TRY IT:
Omitting all images, set down every line below exactly as it appears.

MATERIAL PROVIDED:
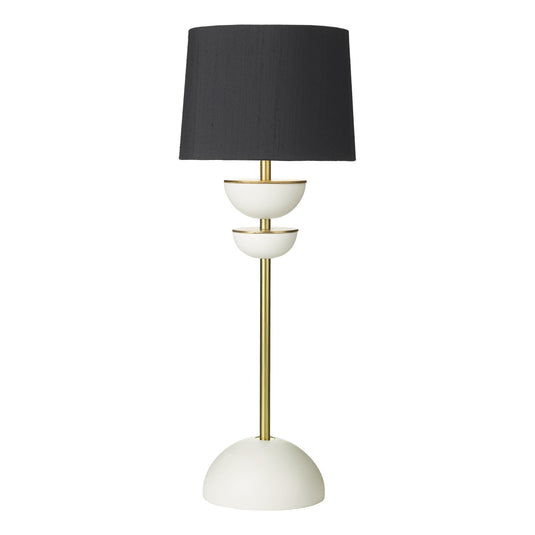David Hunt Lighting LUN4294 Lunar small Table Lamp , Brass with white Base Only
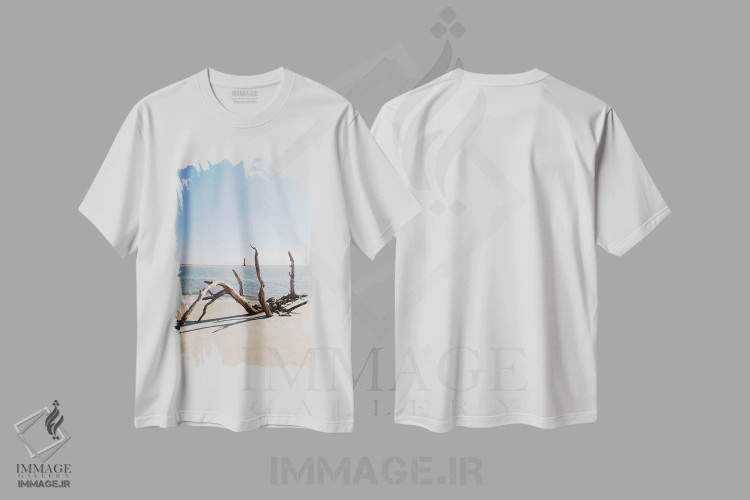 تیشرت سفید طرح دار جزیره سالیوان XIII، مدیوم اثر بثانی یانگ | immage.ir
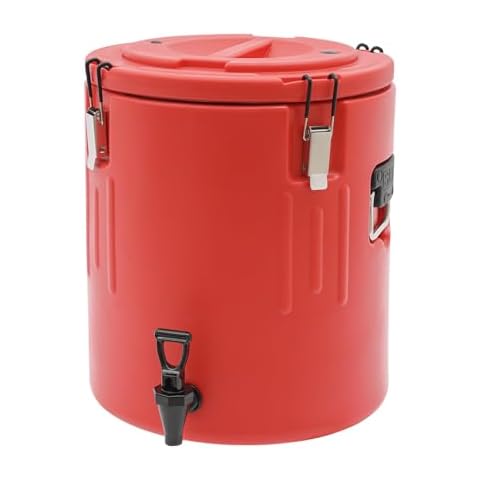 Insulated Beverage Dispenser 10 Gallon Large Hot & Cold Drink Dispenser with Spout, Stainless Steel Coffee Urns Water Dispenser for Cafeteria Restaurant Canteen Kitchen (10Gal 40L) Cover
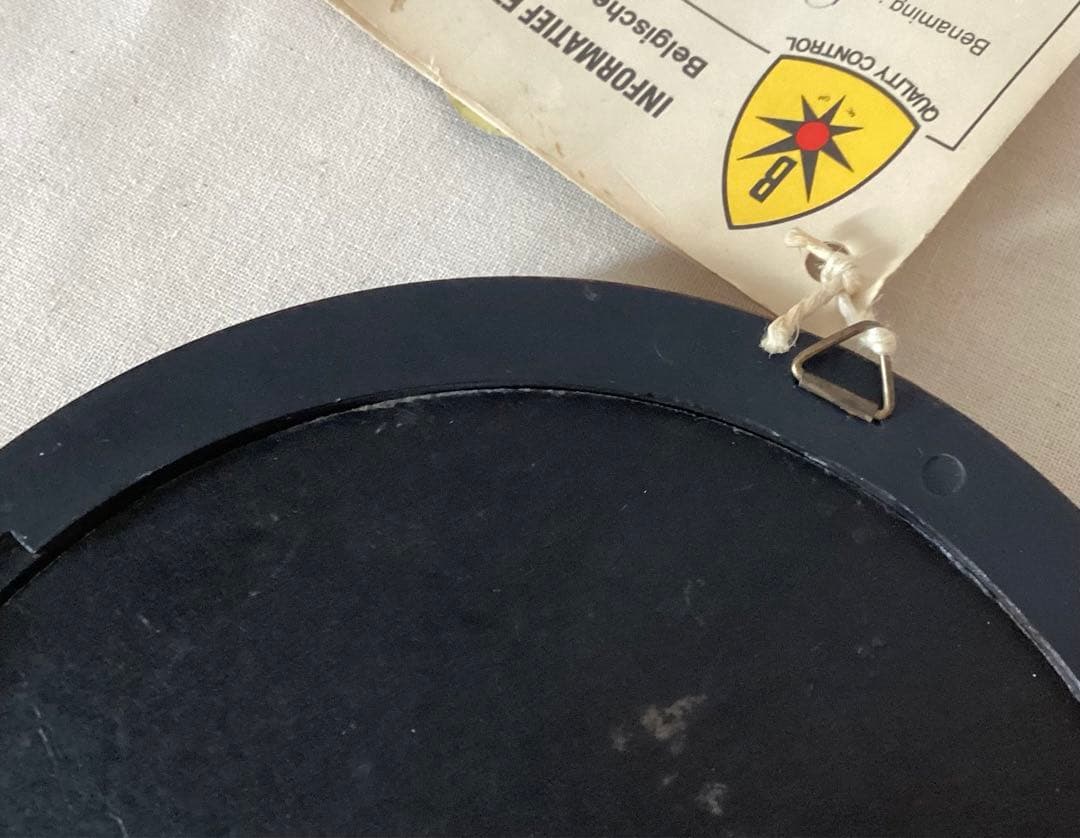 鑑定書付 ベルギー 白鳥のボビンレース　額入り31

TASK RESPONSE:
David Hunt Lighting LUN4294 Lunar small Table Lamp , Brass with white Base Only
 تیشرت سفید طرح دار جزیره سالیوان XIII، مدیوم اثر بثانی یانگ | immage.ir
 Insulated Beverage Dispenser 10 Gallon Large Hot & Cold Drink Dispenser with Spout, Stainless Steel Coffee Urns Water Dispenser for Cafeteria Restaurant Canteen Kitchen (10Gal 40L) Cover
 鑑定書付 ベルギー 白鳥のボビンレース　額入り31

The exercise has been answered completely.